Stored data
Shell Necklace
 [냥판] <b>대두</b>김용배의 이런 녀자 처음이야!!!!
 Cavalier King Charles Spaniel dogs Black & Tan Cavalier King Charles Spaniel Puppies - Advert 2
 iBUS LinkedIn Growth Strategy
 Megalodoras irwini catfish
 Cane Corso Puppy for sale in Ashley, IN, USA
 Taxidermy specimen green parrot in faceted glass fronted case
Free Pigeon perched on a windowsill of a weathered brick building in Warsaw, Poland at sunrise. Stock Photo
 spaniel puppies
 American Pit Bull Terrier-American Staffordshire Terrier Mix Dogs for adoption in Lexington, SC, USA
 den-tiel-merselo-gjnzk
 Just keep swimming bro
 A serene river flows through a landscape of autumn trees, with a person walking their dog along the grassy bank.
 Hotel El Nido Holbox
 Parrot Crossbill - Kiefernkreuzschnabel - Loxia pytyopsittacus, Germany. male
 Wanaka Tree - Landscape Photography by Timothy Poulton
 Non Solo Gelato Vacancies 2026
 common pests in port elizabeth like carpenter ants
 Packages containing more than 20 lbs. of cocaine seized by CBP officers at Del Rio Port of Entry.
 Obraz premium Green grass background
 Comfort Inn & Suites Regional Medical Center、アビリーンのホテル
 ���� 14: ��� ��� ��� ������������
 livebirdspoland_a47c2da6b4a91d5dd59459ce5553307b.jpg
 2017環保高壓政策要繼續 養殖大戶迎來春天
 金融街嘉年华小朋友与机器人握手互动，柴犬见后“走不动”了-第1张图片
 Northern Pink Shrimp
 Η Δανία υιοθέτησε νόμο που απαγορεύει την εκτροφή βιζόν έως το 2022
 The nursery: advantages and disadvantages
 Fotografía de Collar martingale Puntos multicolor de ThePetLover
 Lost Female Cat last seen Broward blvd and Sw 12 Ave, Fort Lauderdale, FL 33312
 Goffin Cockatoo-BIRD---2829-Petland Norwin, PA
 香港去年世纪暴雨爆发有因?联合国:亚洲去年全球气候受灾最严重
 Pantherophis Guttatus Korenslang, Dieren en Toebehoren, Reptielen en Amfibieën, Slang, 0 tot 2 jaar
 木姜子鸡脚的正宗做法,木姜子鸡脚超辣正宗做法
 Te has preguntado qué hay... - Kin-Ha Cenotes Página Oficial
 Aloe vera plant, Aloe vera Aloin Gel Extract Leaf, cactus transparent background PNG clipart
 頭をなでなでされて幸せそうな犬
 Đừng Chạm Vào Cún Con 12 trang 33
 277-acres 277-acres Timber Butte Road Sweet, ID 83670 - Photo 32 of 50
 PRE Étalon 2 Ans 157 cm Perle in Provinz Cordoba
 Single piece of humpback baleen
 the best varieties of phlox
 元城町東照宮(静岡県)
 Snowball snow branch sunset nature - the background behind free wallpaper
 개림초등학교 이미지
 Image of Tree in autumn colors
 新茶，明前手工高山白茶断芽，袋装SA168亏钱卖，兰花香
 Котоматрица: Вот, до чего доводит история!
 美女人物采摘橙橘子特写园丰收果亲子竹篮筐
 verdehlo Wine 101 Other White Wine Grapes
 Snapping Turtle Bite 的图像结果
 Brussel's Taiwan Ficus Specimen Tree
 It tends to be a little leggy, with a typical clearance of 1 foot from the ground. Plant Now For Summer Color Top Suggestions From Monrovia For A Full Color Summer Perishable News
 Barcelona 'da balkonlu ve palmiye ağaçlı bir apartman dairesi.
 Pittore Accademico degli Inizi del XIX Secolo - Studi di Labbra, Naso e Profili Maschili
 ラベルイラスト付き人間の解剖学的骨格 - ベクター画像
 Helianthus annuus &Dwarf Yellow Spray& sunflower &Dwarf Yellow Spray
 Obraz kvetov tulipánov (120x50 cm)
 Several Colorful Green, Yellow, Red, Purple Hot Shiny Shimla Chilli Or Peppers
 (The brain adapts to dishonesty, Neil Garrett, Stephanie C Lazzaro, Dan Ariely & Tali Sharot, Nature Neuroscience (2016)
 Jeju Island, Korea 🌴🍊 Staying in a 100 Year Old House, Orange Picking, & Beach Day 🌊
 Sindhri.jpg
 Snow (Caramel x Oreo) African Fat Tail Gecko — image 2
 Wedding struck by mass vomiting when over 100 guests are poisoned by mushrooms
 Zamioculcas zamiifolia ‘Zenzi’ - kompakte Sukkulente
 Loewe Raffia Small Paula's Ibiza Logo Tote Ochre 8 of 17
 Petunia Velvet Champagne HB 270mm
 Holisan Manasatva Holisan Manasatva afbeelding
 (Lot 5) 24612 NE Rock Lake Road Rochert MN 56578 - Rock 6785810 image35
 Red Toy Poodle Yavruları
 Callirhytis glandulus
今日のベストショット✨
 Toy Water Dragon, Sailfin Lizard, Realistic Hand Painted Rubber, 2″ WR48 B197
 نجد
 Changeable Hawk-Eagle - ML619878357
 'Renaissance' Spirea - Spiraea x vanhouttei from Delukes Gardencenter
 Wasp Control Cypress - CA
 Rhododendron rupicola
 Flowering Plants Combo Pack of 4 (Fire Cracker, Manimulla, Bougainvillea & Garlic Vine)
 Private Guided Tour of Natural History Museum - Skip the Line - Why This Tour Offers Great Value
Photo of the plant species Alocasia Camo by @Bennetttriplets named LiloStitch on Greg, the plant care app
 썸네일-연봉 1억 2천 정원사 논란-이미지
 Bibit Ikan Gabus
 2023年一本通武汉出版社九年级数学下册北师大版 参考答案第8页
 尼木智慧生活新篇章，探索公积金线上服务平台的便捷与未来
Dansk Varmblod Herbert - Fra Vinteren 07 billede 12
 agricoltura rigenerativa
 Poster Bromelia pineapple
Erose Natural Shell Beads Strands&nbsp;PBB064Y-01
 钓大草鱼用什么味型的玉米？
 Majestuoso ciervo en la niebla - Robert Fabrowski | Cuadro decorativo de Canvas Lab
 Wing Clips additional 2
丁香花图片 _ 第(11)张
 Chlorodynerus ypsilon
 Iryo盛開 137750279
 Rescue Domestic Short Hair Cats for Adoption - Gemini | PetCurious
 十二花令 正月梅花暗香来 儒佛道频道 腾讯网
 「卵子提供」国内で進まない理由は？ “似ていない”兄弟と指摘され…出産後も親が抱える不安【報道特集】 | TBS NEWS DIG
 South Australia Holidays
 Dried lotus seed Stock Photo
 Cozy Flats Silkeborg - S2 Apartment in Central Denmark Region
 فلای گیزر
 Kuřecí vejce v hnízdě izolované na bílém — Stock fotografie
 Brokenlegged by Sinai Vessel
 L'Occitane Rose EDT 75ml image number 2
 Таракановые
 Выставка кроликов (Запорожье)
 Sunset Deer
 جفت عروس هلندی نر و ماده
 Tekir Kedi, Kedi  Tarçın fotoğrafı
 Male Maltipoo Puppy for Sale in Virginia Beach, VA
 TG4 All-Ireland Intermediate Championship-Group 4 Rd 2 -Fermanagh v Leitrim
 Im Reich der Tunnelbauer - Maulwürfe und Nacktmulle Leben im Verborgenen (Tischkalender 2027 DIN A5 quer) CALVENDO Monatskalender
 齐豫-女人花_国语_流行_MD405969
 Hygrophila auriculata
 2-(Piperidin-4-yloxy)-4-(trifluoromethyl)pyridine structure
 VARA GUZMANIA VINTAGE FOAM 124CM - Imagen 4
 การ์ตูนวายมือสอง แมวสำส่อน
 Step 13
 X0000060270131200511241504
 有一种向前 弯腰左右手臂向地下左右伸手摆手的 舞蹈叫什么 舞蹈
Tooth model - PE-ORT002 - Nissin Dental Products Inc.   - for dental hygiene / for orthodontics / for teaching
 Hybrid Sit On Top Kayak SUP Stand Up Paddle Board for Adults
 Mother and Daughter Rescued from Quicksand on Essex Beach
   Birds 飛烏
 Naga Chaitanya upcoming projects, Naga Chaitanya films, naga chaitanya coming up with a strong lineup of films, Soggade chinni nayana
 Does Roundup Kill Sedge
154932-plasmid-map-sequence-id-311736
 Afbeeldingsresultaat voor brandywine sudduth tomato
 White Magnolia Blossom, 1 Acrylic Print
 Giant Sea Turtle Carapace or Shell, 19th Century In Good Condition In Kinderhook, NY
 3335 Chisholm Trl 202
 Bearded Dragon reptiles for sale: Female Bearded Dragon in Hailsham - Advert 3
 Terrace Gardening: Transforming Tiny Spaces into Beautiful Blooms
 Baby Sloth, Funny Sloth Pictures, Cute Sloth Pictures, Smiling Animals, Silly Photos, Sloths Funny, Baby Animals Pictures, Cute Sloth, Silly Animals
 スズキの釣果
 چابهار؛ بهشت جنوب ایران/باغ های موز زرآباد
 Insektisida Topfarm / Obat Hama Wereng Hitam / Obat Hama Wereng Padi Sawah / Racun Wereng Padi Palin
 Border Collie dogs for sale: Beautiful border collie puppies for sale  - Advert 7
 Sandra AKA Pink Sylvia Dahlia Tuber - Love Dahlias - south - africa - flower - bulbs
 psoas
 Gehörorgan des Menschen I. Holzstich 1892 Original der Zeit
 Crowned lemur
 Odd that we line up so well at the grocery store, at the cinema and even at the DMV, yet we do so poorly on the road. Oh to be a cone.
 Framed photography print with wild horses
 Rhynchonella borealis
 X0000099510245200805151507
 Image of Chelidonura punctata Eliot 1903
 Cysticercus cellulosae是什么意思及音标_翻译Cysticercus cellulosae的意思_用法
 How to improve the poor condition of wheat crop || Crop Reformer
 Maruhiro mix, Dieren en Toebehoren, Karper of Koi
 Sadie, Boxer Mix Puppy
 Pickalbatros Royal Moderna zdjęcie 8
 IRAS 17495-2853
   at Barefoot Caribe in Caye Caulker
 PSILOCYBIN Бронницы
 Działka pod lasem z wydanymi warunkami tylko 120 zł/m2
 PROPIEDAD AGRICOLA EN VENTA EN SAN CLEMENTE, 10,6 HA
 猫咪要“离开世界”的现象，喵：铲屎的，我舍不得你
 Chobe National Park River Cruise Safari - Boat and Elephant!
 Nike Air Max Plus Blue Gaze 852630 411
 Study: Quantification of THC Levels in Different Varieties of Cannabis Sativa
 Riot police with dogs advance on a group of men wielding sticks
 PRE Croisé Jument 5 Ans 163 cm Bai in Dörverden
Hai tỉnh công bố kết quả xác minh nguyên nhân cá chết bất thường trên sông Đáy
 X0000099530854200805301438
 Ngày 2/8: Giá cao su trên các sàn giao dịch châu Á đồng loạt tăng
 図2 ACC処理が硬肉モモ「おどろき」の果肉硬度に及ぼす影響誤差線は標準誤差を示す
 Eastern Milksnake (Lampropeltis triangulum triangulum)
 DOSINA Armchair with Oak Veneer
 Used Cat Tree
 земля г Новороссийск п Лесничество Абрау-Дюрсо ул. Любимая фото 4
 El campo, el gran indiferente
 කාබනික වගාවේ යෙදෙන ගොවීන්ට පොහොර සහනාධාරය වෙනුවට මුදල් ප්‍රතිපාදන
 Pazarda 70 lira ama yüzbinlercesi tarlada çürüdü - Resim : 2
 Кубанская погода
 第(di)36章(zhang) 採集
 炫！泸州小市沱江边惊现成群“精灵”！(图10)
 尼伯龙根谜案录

Exercise description
Give the number of lines in the records above in which the word "Dragon" appears. Include no other text.

Written response
2